No Brasil, a população assistiu, atônita, queimadas sem proporções causarem possivelmente a maior devastação já vista no Pantanal, em um dos mais ricos biomas do planeta, além dos avanços do desmatamento na Amazônia. Como reação a essa situação, dirigentes de companhias nacionais, multinacionais e instituições financeiras manifestaram-se em carta dirigida ao Vice-Presidente da República, coordenador do Conselho da Amazônia, rogando pelo controle do desmatamento. No documento, ressaltam prejuízos econômicos da percepção negativa do Brasil no exterior quanto ao trato com o patrimônio ambiental nacional.

Esse cenário deixa clara não apenas a relevância da temática ambiental e a concretização da visão indissociável entre meio ambiente e economia, mas também leva à reflexão sobre a necessidade de reinvenção do modelo das políticas públicas na área, notadamente em nível nacional. Historicamente, o Brasil evoluiu de uma legislação que notadamente regulava o aproveitamento dos recursos naturais para normas abrangentes e relevantes, com forte viés de proteção. Muitas, porém, sem efetividade na aplicação, conduzidas por um poder público focado em ações de comando e controle nem sempre eficientes para garantir preservação e desenvolvimento.
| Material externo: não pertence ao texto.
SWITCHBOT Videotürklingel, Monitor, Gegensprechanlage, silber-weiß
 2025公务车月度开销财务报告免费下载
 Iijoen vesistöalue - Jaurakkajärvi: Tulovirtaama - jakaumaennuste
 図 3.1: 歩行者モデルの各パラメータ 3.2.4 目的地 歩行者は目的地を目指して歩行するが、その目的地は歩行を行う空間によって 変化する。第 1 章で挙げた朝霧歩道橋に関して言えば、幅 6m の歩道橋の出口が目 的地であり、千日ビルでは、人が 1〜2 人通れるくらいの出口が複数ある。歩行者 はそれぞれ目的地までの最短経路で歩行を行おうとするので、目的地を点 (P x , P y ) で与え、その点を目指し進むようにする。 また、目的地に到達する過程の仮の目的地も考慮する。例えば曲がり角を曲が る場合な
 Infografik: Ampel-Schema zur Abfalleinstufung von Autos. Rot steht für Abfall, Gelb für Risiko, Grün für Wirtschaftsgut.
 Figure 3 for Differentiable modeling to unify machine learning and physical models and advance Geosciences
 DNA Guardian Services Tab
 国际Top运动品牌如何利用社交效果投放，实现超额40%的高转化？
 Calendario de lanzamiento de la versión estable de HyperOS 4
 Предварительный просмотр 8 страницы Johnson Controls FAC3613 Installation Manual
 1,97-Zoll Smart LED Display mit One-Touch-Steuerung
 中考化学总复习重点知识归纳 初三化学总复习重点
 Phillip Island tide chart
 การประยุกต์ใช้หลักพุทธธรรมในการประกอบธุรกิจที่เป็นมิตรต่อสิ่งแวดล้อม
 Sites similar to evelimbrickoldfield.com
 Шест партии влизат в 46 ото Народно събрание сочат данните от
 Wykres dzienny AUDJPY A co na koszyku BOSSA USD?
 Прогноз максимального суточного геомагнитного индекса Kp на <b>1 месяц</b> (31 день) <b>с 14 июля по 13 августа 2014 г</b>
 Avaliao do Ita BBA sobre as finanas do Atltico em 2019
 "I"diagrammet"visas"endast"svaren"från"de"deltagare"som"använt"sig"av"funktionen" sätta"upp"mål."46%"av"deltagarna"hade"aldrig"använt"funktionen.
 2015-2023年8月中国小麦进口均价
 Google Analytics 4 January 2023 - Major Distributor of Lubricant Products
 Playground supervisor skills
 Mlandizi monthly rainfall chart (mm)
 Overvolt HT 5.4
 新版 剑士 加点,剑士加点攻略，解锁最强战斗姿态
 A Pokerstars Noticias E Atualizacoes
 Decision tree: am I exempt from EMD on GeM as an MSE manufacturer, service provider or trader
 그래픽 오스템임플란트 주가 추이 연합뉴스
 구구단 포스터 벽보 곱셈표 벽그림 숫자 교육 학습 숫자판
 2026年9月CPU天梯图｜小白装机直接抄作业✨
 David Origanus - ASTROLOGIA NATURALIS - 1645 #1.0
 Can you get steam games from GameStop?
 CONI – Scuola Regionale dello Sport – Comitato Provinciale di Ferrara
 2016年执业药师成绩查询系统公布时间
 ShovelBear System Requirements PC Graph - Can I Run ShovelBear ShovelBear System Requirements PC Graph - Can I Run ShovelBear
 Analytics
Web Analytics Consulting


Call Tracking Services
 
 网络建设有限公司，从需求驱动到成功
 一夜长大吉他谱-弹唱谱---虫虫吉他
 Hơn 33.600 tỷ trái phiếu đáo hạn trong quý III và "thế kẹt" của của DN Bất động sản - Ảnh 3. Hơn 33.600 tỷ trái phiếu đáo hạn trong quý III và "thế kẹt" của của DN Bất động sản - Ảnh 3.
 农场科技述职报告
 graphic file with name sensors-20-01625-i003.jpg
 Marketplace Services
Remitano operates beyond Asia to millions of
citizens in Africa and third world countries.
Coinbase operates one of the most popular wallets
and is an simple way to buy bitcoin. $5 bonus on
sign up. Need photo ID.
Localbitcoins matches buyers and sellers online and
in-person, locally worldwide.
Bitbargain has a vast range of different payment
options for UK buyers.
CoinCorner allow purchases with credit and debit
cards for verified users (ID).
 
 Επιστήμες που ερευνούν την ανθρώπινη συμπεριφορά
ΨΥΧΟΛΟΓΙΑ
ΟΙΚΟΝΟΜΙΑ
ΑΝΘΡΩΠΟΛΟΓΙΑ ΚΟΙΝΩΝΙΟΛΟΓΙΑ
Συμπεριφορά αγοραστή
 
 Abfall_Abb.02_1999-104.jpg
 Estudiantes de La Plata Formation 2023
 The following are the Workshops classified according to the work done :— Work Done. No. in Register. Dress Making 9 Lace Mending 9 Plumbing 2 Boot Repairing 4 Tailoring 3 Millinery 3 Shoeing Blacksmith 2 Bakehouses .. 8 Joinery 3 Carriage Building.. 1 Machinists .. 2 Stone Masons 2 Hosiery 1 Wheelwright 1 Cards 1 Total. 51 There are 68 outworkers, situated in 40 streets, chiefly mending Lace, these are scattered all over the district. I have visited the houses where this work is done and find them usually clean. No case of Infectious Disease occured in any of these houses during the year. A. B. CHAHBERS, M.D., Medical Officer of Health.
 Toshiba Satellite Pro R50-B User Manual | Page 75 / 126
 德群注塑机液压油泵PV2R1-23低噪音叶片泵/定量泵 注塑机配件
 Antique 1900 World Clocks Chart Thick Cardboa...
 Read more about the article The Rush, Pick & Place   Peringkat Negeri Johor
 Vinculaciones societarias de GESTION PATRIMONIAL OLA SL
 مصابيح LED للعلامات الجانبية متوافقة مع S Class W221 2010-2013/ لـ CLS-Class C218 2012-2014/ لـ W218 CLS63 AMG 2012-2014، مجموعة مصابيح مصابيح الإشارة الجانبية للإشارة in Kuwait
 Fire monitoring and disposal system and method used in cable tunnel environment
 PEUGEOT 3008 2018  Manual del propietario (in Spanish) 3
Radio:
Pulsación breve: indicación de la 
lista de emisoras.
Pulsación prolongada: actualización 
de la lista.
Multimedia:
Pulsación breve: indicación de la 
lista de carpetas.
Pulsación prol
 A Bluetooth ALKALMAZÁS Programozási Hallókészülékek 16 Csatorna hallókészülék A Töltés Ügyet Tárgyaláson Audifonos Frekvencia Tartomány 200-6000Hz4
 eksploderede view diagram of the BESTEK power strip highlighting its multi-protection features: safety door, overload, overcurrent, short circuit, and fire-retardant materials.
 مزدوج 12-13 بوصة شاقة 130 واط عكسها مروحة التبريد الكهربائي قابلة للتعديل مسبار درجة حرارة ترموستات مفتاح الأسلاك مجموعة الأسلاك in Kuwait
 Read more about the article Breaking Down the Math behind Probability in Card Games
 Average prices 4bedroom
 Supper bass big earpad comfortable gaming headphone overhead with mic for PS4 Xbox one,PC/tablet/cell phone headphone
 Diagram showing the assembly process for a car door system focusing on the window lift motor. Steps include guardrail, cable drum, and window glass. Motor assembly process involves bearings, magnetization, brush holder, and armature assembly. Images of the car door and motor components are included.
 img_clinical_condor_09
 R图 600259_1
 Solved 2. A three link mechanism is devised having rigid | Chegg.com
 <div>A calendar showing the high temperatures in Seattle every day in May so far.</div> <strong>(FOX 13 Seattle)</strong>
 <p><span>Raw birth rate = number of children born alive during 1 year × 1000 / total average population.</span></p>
No atual contexto, é premente que o poder público se volte à construção de políticas de incentivo a práticas ambientais positivas, envolvendo o setor produtivo e promovendo ferramentas capazes tanto de preservar os recursos naturais quanto recompor os prejuízos já havidos tanto sob o prisma ambiental quanto social e econômico. Algumas ações, ainda que tímidas, vêm sendo estabelecidas em âmbito federal em temas que são bastante estratégicos e envolvem uma das maiores riquezas nacionais, a vegetação e florestas nativas.

Um avanço foi a publicação da Portaria nº 288 do Ministério do Meio Ambiente (MMA), em julho deste ano, instituindo o Programa Nacional de Pagamentos por Serviços Ambientais – Floresta+ com diretrizes para criar, fomentar e consolidar o mercado de serviços ambientais com foco na preservação e conservação da vegetação nativa brasileira, no intuito de reconhecer e valorizar as atividades ambientais realizadas, incentivando a sua retribuição monetária e não monetária. Conforme o Código Florestal Federal, o incentivo ou pagamento por serviços ambientais é a retribuição, monetária ou não, às atividades de conservação e melhoria dos ecossistemas e que gerem serviços ambientais, tais como o sequestro, a conservação, a manutenção e o aumento do estoque e a diminuição do fluxo de carbono; a conservação da biodiversidade; a regulação do clima e a manutenção de Áreas de Preservação Permanente. Nessa linha, nos objetivos do Floresta+ estão o fomento a acordos setoriais para a geração de demanda por serviços ambientais e a captação de recursos internacionais para fomento de políticas públicas visando o fortalecimento do mercado de pagamento por serviços ambientais. Embora a iniciativa do Programa seja positiva, questões essenciais à sua implementação, como prazos e condições, ainda serão definidos em regramento.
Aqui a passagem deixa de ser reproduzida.